[[ RECORDED DATA, beginning ]]
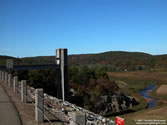 Thomaston Dam 05 - Thomaston Dam, Thomaston CT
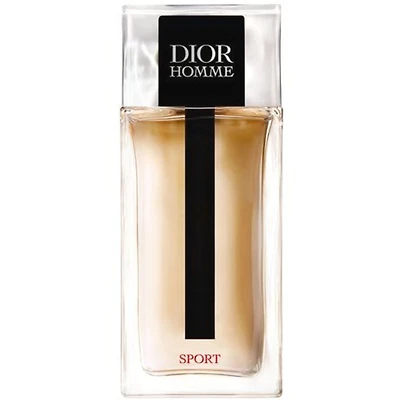 Dior Homme Sport Eau de Toilette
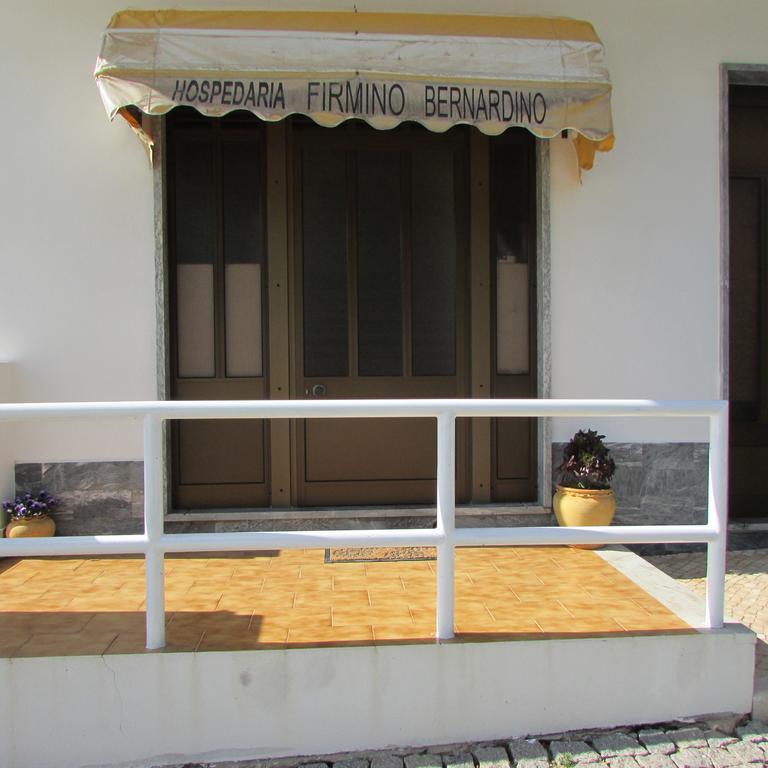 Casa de hóspedes Hospedaria Firmino Bernardino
[[ RECORDED DATA, end ]]
Would you please copy the material exactly, leaving all the pictures out?

 Thomaston Dam 05 - Thomaston Dam, Thomaston CT
 Dior Homme Sport Eau de Toilette
 Casa de hóspedes Hospedaria Firmino Bernardino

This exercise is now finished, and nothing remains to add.